Subspace Clustering on Incomplete Data with Self-Supervised Contrastive Learning
Huanran Li, Daniel Pimentel-Alarcón
TL;DR
This work tackles subspace clustering under incomplete observations by introducing Contrastive Subspace Clustering (CSC), a self-supervised framework that learns invariant embeddings from masked views of partially observed data using a SimCLR-style NT-Xent objective with temperature $\tau$. The learned backbone $f_\theta$ produces embeddings for original incomplete samples, which are then clustered via Sparse Subspace Clustering (SSC). Empirical results across six image and hyperspectral datasets show that CSC outperforms classical HRMC-based approaches and modern deep baselines, particularly at high missing rates, while remaining scalable on large datasets. The authors propose future directions including streaming and multi-view extensions, along with theoretical analyses for contrastive objectives under missing data.
Abstract
Subspace clustering aims to group data points that lie in a union of low-dimensional subspaces and finds wide application in computer vision, hyperspectral imaging, and recommendation systems.
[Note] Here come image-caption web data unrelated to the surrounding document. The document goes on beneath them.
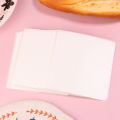 500Pcs 11*11CM Hamburger Patty Square Paper Sheet For Burger Press Baking Paper Dounp. 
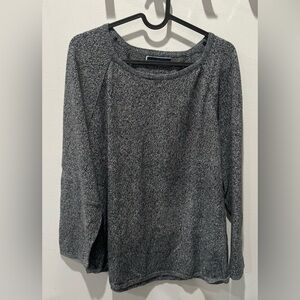 Karen Scott grey sweater size XL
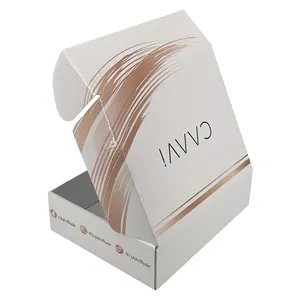 Cardboard Box Long Paper Packaging Custom Color Printed Durable Tuck Top Mailing Corrugated Shipping Cardboard box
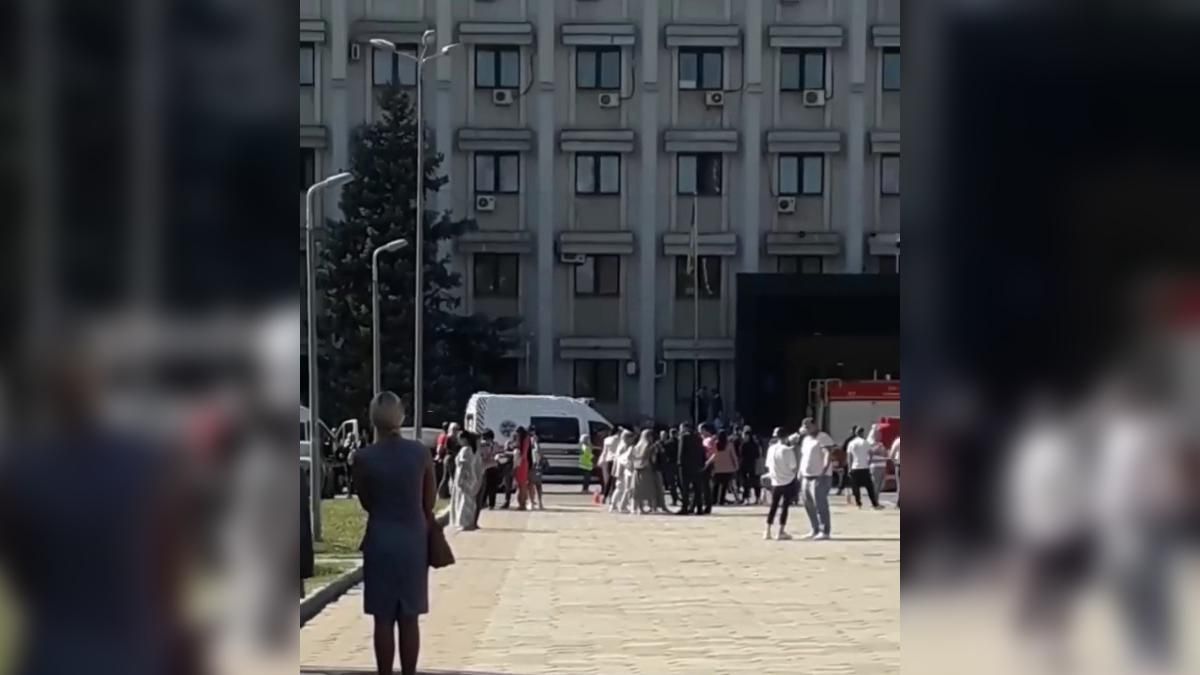 Евакуювали Одеську ОДА: працюють рятувальники - Свіжі новини Одеси - 24 Канал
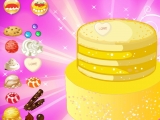Flash игра для девочек Cake Designer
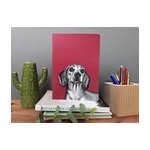 Sausage Dog Dachshund  Notebook - Beth Goodwin for Good Chap's - 60 Page Unlined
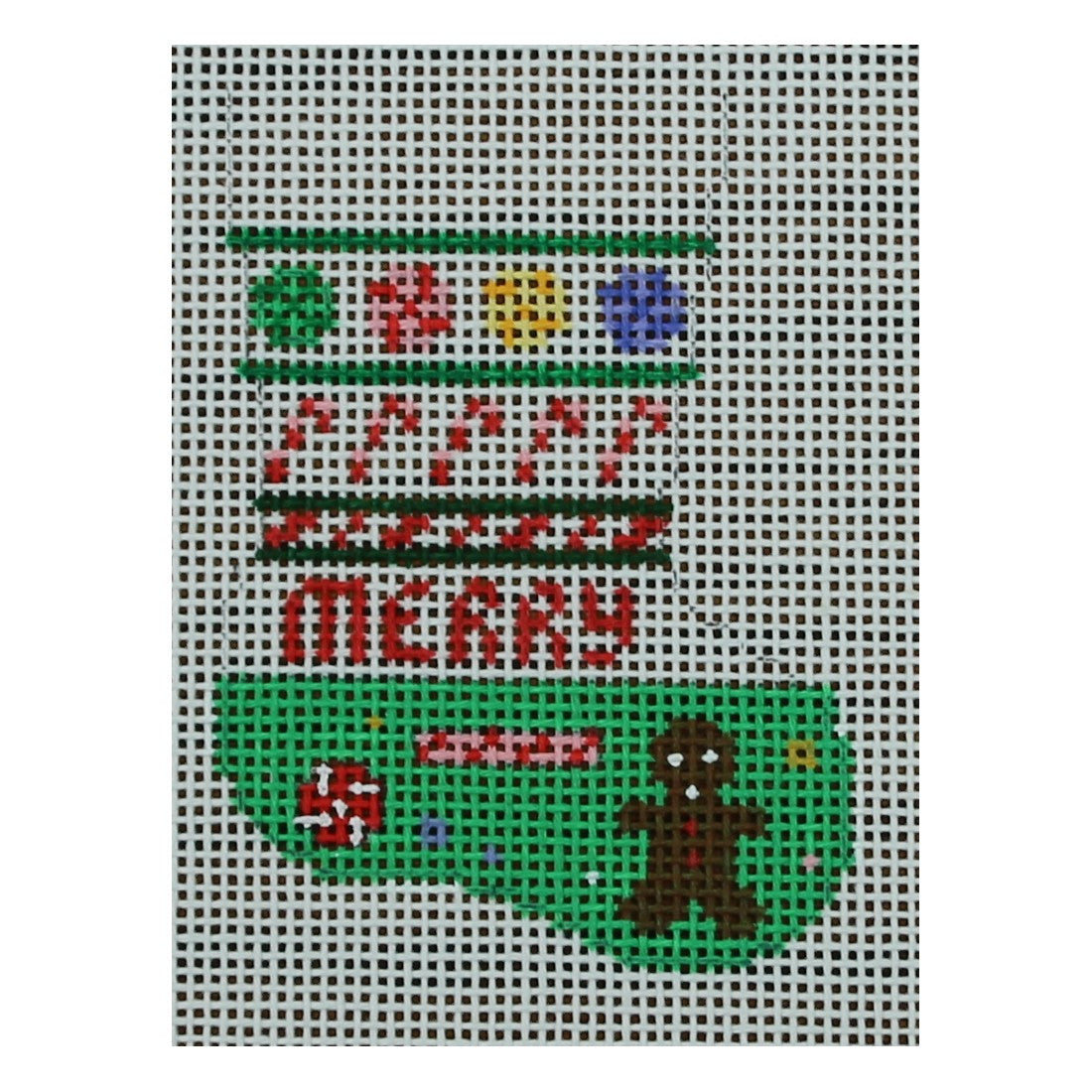 Candy Stripe Stocking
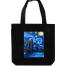 Ladies Hand And Shoulder Tote Bag For Women's With Zipper And Pocket image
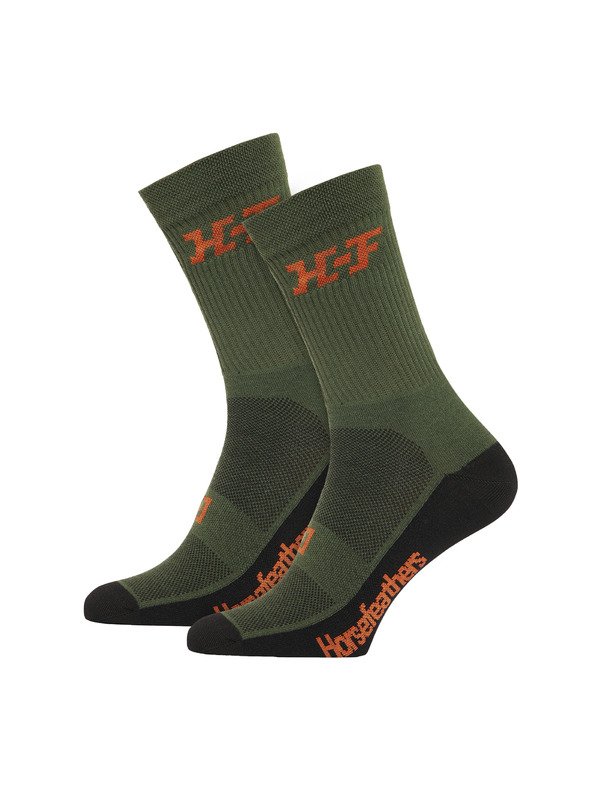 Horsefeathers Jam Long Technical Functional Socks - tymián HORSEFEATHERS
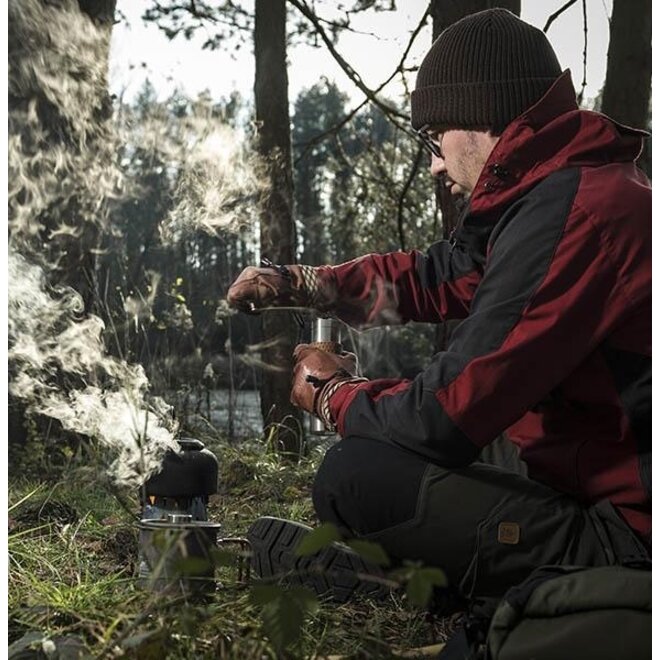 Handkoffiemolen Camp RVS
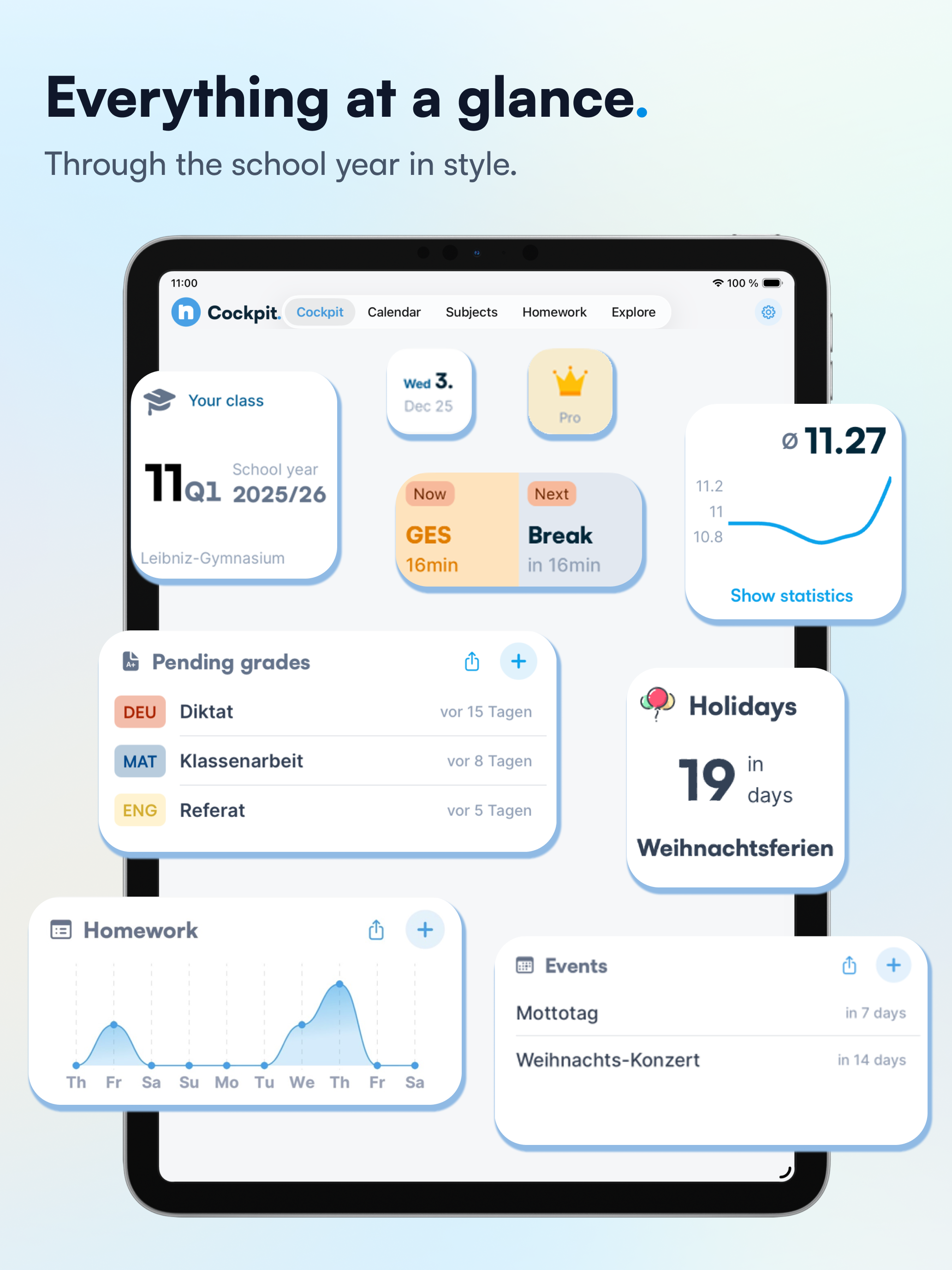 Notenapp - digital school tool screenshot 12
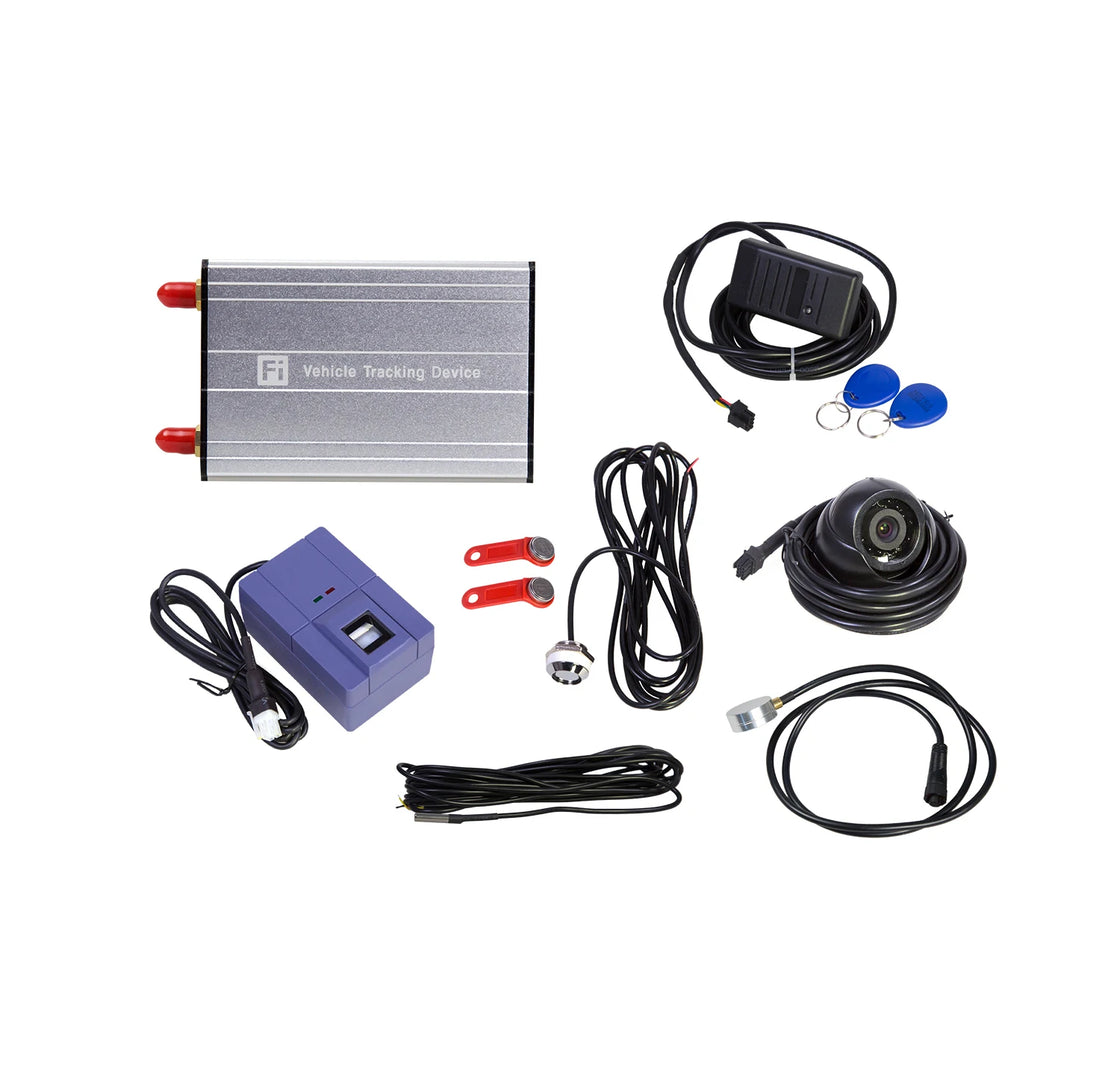Car GPS Tracker with RFID Reader for Driver and Passenger Log Management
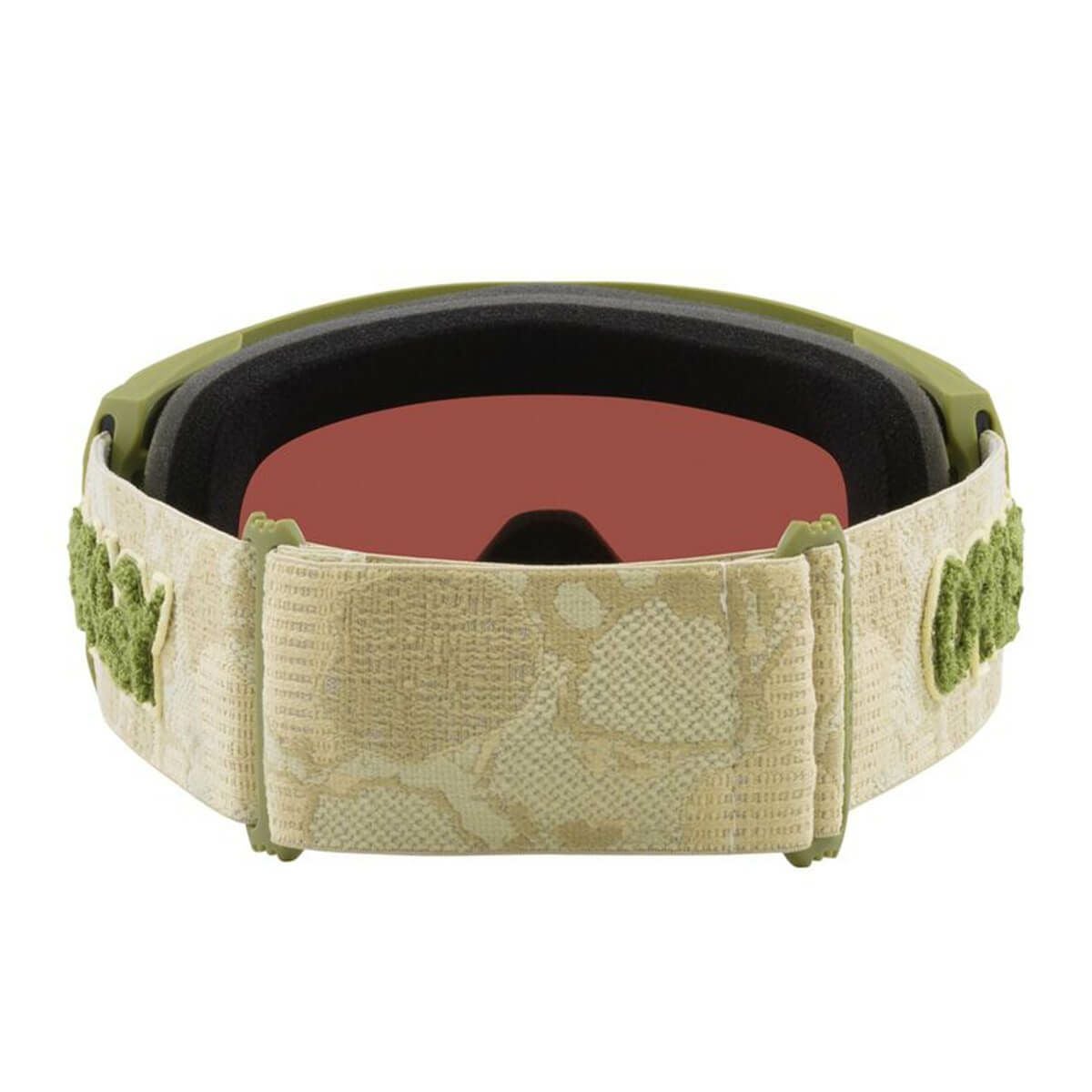 オークリー OAKLEY　LINE MINER L ラインマイナー L スキー スノーボードゴーグル　SAGE KOTSENBURG SIGNATURE/PRIZM SAGE GOLD IRIDIUM　2024-2025 詳細4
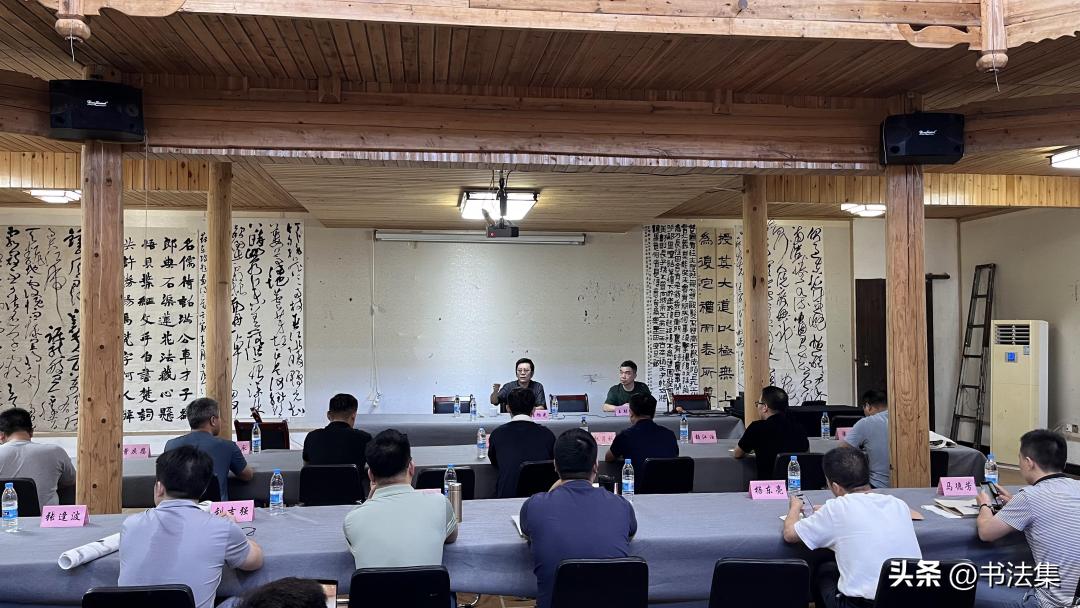 文心问墨书法展,文心书法培训机构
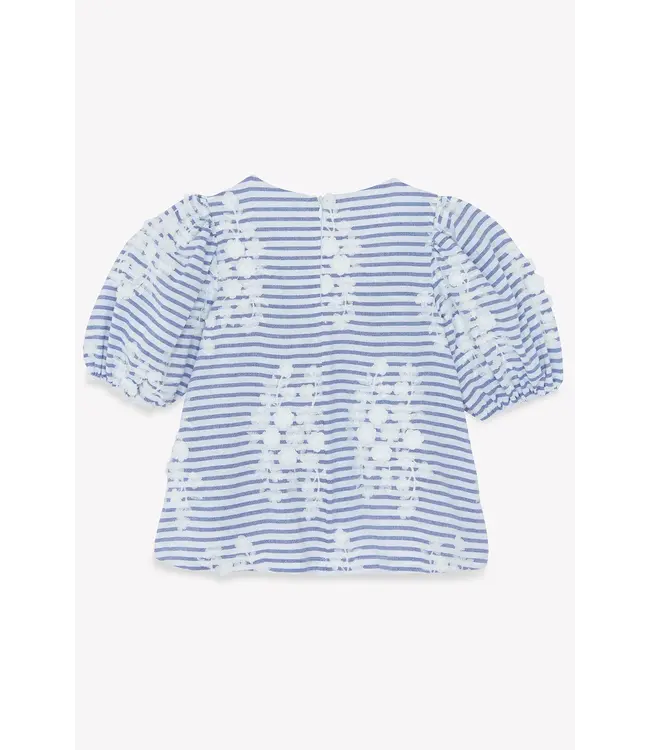 Tartine et Chocolat Tuniek Donkerblauw/Ecru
However, most existing methods assume fully observed data, limiting their effectiveness in real-world scenarios with missing entries. In this paper, we propose a contrastive self-supervised framework, Contrastive Subspace Clustering (CSC), designed for clustering incomplete data. CSC generates masked views of partially observed inputs and trains a deep neural network using a SimCLR-style contrastive loss to learn invariant embeddings. These embeddings are then clustered using sparse subspace clustering. Experiments on six benchmark datasets show that CSC consistently outperforms both classical and deep learning baselines, demonstrating strong robustness to missing data and scalability to large datasets.